*Supplied material*.
^^^^^^^^
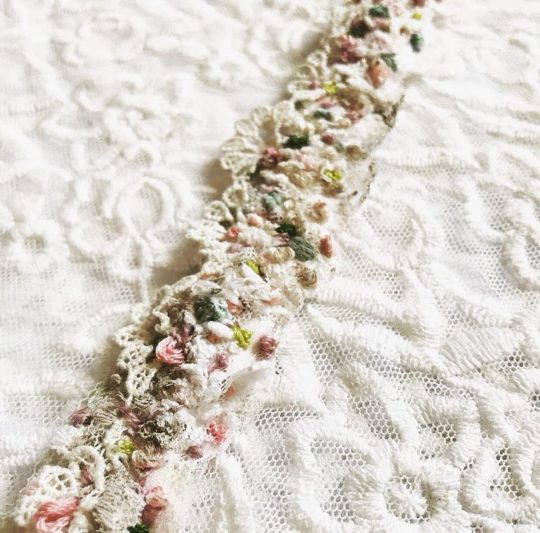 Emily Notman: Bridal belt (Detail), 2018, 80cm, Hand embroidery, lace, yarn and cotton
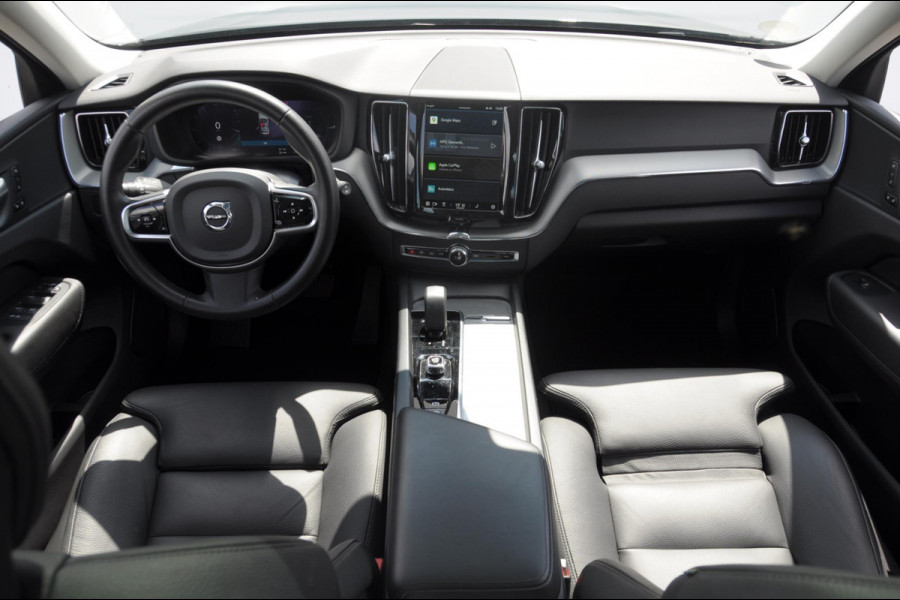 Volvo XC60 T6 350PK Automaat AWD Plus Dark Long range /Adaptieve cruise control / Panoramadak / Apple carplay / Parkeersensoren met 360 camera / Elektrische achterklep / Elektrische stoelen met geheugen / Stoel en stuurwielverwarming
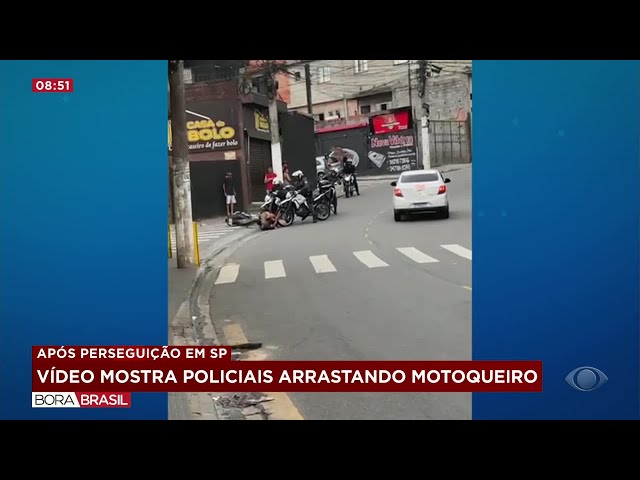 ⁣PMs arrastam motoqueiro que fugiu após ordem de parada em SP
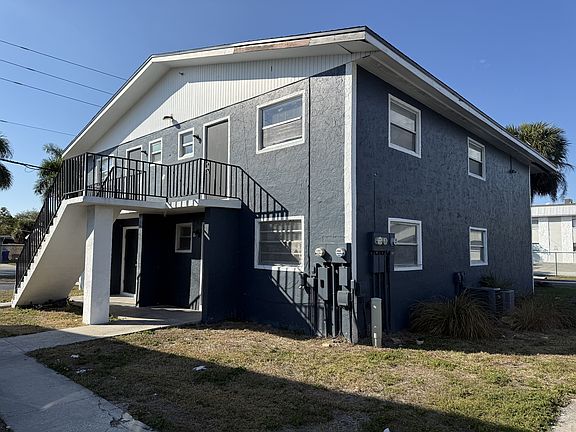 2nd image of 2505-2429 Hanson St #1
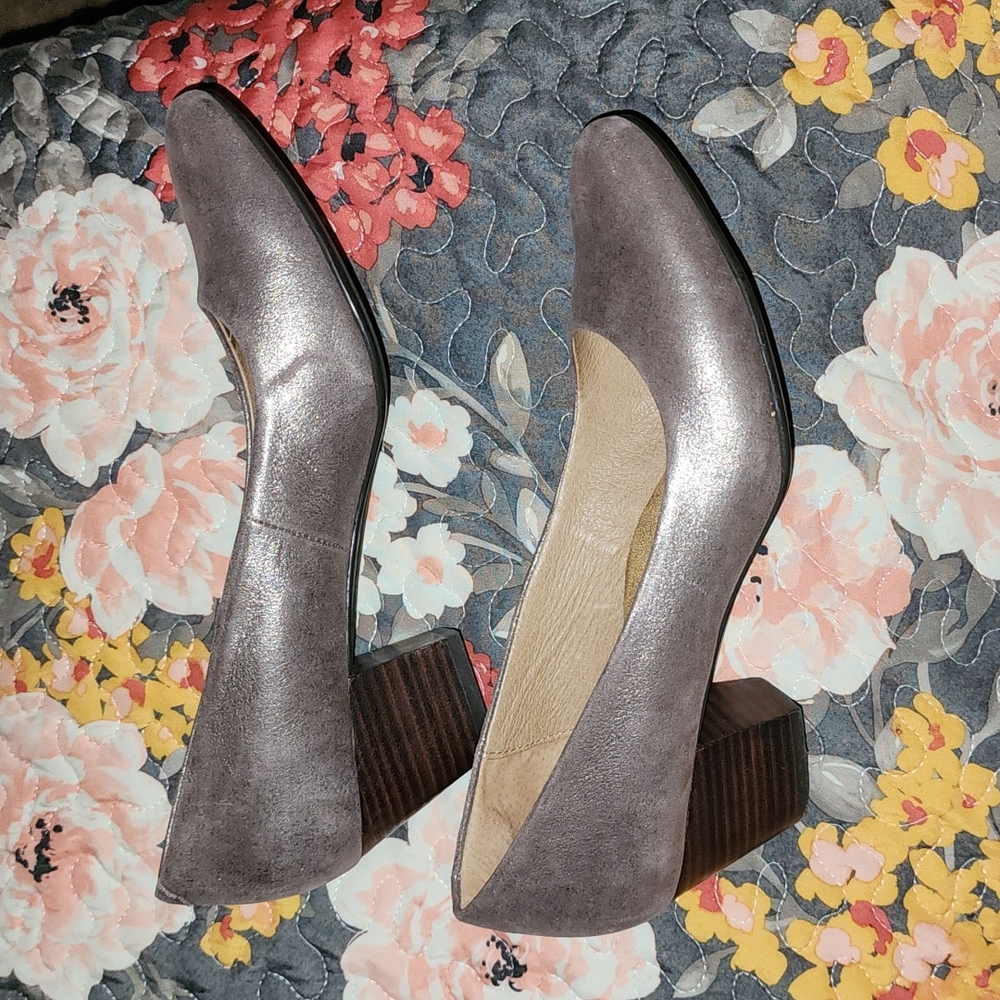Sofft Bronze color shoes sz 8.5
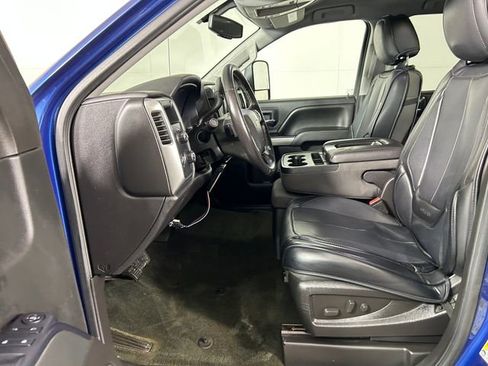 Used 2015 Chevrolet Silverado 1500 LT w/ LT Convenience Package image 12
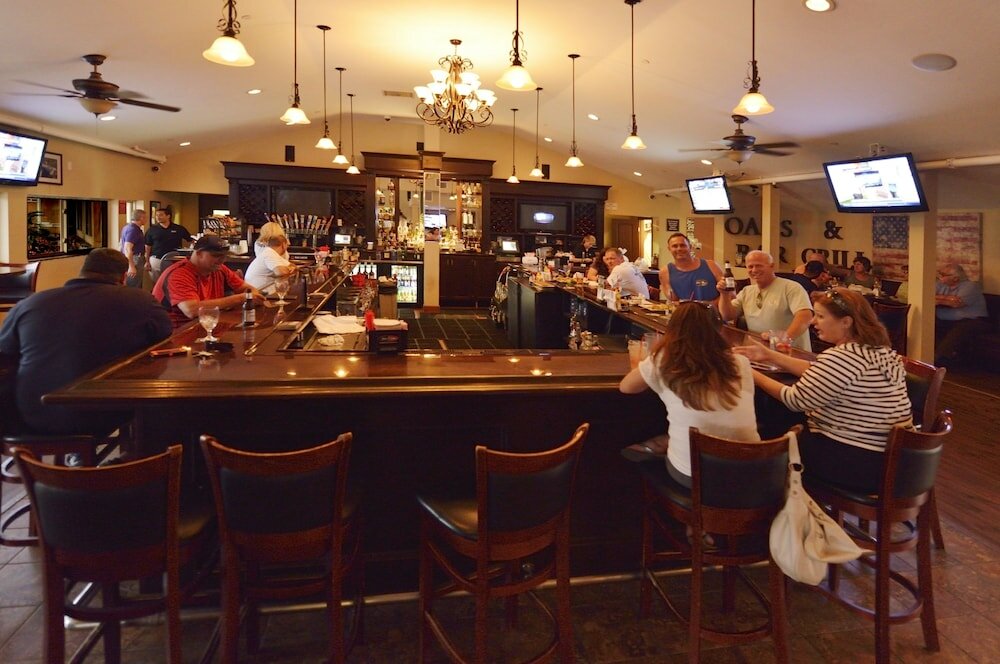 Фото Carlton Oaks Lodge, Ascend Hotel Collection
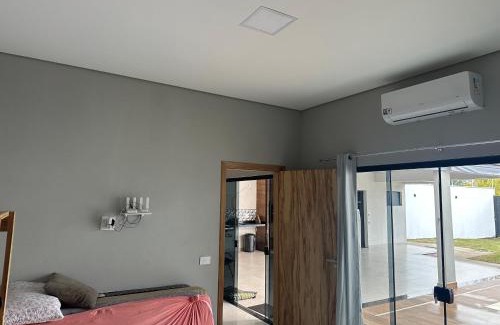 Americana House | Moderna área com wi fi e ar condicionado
^^^^^^^^
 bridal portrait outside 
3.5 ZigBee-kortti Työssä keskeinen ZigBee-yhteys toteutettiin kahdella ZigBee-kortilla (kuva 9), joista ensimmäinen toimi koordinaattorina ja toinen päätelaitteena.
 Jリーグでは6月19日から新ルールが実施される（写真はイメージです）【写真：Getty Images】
^^^^^^^^
*What you are asked to do*.
In the listing above, find the line containing "Volvo XC60 T6" and the line containing "Used 2015 Chevrolet", then print exactly those two lines and every line between them, minus the pictures.

*Response area*.
 Volvo XC60 T6 350PK Automaat AWD Plus Dark Long range /Adaptieve cruise control / Panoramadak / Apple carplay / Parkeersensoren met 360 camera / Elektrische achterklep / Elektrische stoelen met geheugen / Stoel en stuurwielverwarming
 ⁣PMs arrastam motoqueiro que fugiu após ordem de parada em SP
 2nd image of 2505-2429 Hanson St #1
Sofft Bronze color shoes sz 8.5
 Used 2015 Chevrolet Silverado 1500 LT w/ LT Convenience Package image 12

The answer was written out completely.